Conservo un ricordo particolarmente vivo del viaggio in Ecuador, quando con un pulmino attraversammo il paese da Guayaquil a Quito. In quelle lunghe ore di strada, salendo verso le Ande, ci fermammo in diversi luoghi dove tu ci apristi le porte delle tue relazioni: gruppi, comunità, persone con cui da tempo coltivavi legami di amicizia e solidarietà.
In quel viaggio abbiamo sognato insieme un CNCA internazionale, una rete di pace e di solidarietà capace di parlare al mondo.
Oggi quel sogno, e il cammino condiviso, restano come un’eredità preziosa della tua presenza.
Teresa Marzocchi
Lucio… saper tener aperta la strada dopo i ‘grandi’…
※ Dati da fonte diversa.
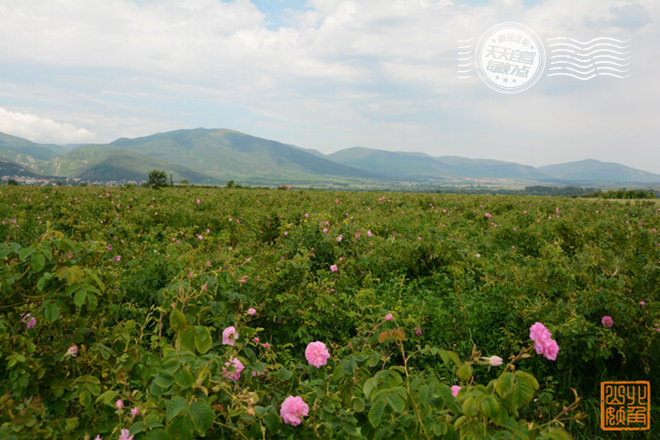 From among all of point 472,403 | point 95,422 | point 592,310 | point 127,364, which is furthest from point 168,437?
point 592,310

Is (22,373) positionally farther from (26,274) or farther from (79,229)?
(79,229)

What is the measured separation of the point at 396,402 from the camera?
1.45 m

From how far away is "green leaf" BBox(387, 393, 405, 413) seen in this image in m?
1.42

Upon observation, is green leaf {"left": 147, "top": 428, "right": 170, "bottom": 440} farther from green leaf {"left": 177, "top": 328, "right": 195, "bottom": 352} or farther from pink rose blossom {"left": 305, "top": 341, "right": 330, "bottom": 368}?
pink rose blossom {"left": 305, "top": 341, "right": 330, "bottom": 368}

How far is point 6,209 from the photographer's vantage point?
8781 mm

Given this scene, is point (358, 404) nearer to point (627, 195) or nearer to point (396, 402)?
point (396, 402)

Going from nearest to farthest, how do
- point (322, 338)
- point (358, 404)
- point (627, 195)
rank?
point (358, 404) → point (322, 338) → point (627, 195)

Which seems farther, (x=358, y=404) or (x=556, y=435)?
(x=358, y=404)

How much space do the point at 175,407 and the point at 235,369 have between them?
0.38 meters

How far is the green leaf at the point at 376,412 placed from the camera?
4.62ft

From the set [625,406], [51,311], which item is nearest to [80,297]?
[51,311]

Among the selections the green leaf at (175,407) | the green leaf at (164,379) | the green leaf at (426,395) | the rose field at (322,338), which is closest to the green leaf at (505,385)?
the rose field at (322,338)

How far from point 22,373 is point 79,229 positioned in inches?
276

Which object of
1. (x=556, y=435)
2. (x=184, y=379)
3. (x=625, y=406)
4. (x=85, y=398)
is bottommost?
(x=625, y=406) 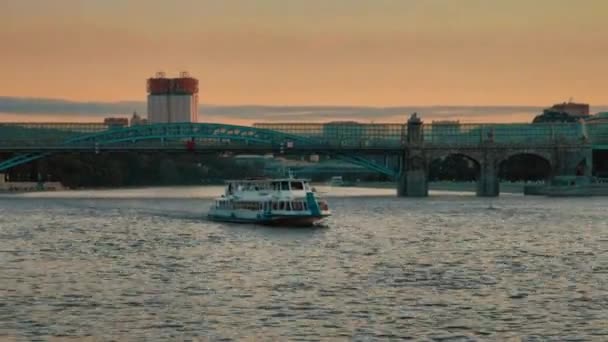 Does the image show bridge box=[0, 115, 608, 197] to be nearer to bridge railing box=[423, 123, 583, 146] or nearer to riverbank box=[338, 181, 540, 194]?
bridge railing box=[423, 123, 583, 146]

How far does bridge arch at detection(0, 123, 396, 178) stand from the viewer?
146m

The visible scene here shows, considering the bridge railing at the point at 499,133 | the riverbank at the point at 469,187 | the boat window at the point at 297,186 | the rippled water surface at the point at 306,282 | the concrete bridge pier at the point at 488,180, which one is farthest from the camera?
the riverbank at the point at 469,187

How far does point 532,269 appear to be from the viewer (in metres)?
46.7

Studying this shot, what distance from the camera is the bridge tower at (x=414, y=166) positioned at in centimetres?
14962

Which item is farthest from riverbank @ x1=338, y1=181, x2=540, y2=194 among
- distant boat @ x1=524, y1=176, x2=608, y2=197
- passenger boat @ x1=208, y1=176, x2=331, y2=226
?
passenger boat @ x1=208, y1=176, x2=331, y2=226

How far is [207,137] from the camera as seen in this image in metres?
150

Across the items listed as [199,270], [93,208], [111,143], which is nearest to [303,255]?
[199,270]

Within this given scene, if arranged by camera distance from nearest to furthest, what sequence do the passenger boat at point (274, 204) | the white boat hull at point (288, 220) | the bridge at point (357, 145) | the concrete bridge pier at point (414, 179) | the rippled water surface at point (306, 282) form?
the rippled water surface at point (306, 282), the white boat hull at point (288, 220), the passenger boat at point (274, 204), the bridge at point (357, 145), the concrete bridge pier at point (414, 179)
Capo… ma con le braccia aperte
Determinato… ma prendendoti per mano
Ruvido… ma di una dolcezza strabordante
La testa e il cuore nelle tue parole, nella tua penna e nel tuo sorriso.
Altri messaggi ricevuti
Massimo Gelain, Silvia Rizzato, Valeria Antonello per ReteMaranathà
Caro Lucio,
nel provare a scrivere queste righe, abbiamo pensato alle tante che hai scritto tu nei documenti del CNCA, nel nostro Bacchiglione e in tanti altri spazi di riflessione che abbiamo condiviso.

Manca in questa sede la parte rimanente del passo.